Following a similar model to his announcement for the embassy move from Tel Aviv to Jerusalem, Trump’s Golan Heights tweet came seemingly out of nowhere. After the announcement, Trump staffers reported having discussed the move, but from an external standpoint it was essentially unprompted. There were no incidents in the Golan, in American-Israeli or even American regional relations that would seem to be the cause for such a dramatic policy announcement. The problem here is twofold. The administration has shifted a long-held foreign policy stance with no clear reason for doing so, and in doing this has taken a stance on an embattled foreign candidate during an another otherwise unremarkable election.
The point here is really not which side Trump took nor is it to litigate the legitimacy of any claims in the Arab-Israeli conflict. The point is that Trump has involved himself in the domestic elections of yet another country with seemingly no unique benefit to the United States. Further, haphazardly rewriting U.S. foreign policy toward the Golan to the obvious benefit of Israel’s incumbent in the middle of an election cycle is simply unwise. Of course, the administration would point to rifts in the American-Israeli relationship created by its predecessor and would be correct in doing so, but between the U.S. withdrawal from the JCPA, the aforementioned embassy relocation and Trump’s close relationship with Netanyahu, another substantial policy shift seems at best unnecessary. When Trump came into office, indeed there were large holes to patch with Israel, but in 2019 that hatchet seems to have been reasonably buried with many more to be addressed all around the Middle East.
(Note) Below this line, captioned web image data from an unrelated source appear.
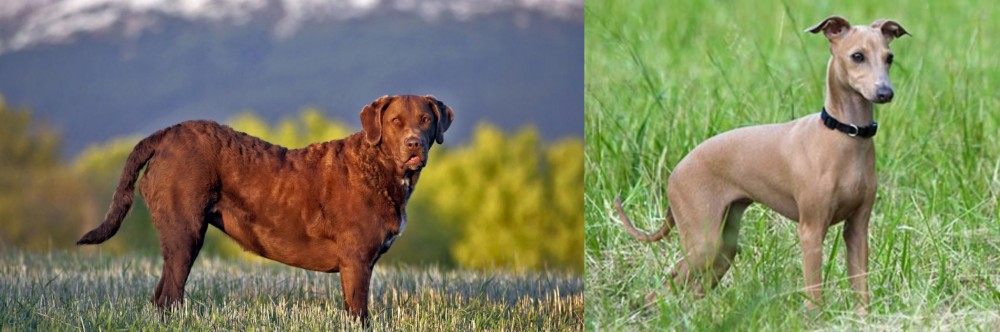 Italian Greyhound vs Chesapeake Bay Retriever - Breed Comparison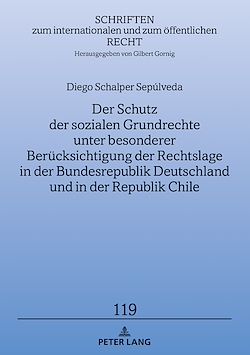 Télécharger le livre :  Der Schutz der sozialen Grundrechte unter besonderer Beruecksichtigung der Rechtslage in der Bundesrepublik Deutschland und in der Republik Chile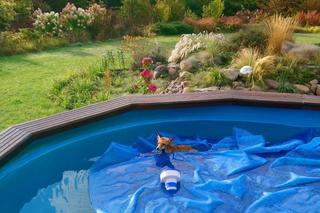 Lis i królik rzucili wyzwanie strażnikom z Ekopatrolu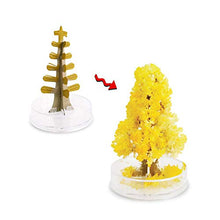 Load image into Gallery viewer, Magic Growing Crystal Christmas Tree, Kids DIY Felt Magic Growing Decorations Paper Tree Gifts for Kids Toys
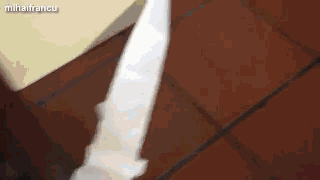 作为一只良心狗，搞完破坏我也后悔过-1.gif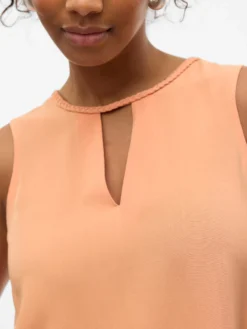 VMBIA Top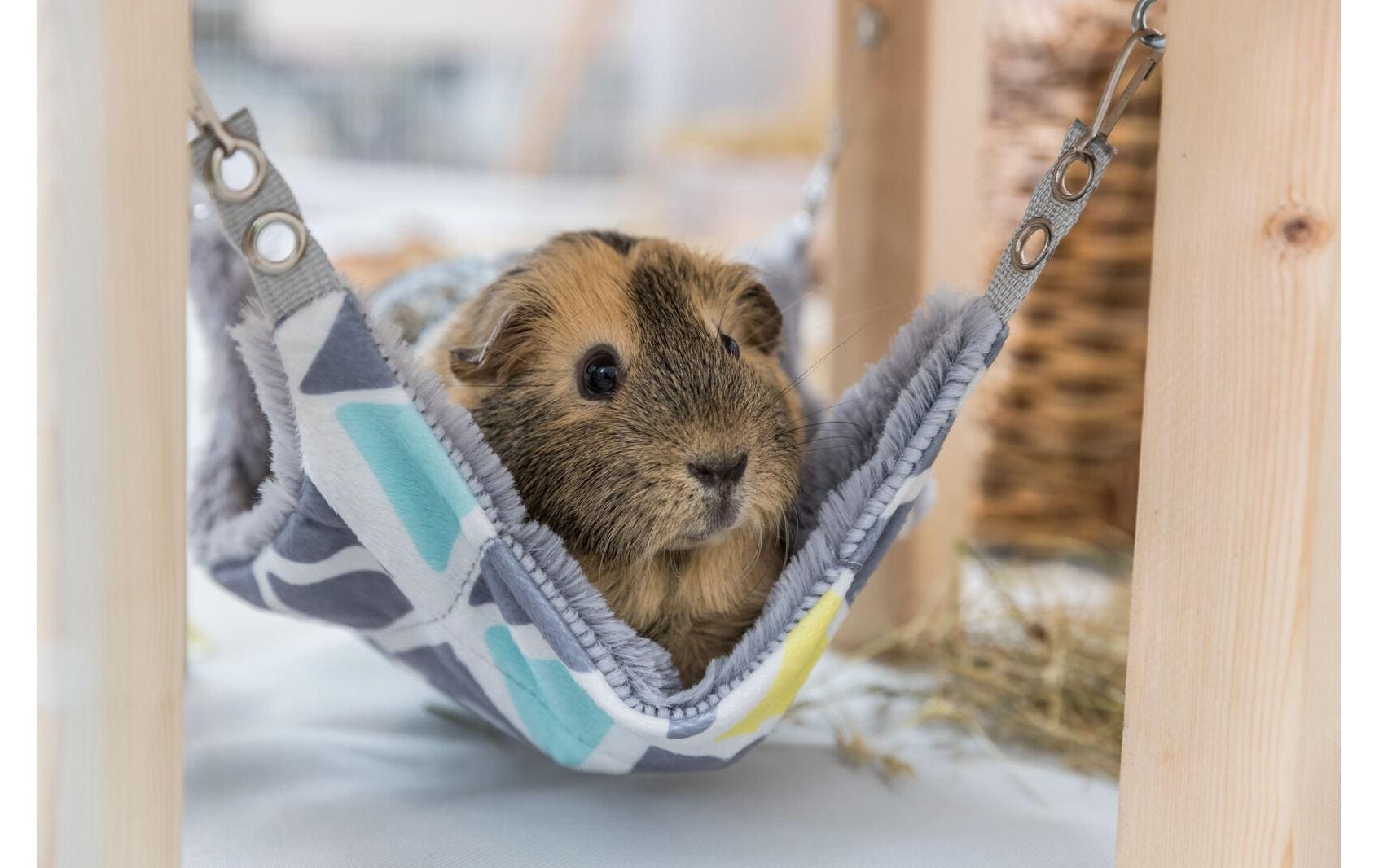 TRIXIE Tierbett »Unterstand mit Hängematte Sunny« Polyester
The U.S. should maintain her old allies in the Middle East and work in earnest to make new ones. The past month has done a whole lot of the first and the opposite of the second. There is simply no need to inject ourselves into a territorial dispute on which we have remained neutral since the Johnson administration. Likewise, it is time the U.S. removes itself from the democratic process in Israel. Trump’s excessive warmth toward Netanyahu is just as inappropriate as Obama’s coolness was… somewhere between the two lies a healthy foreign policy.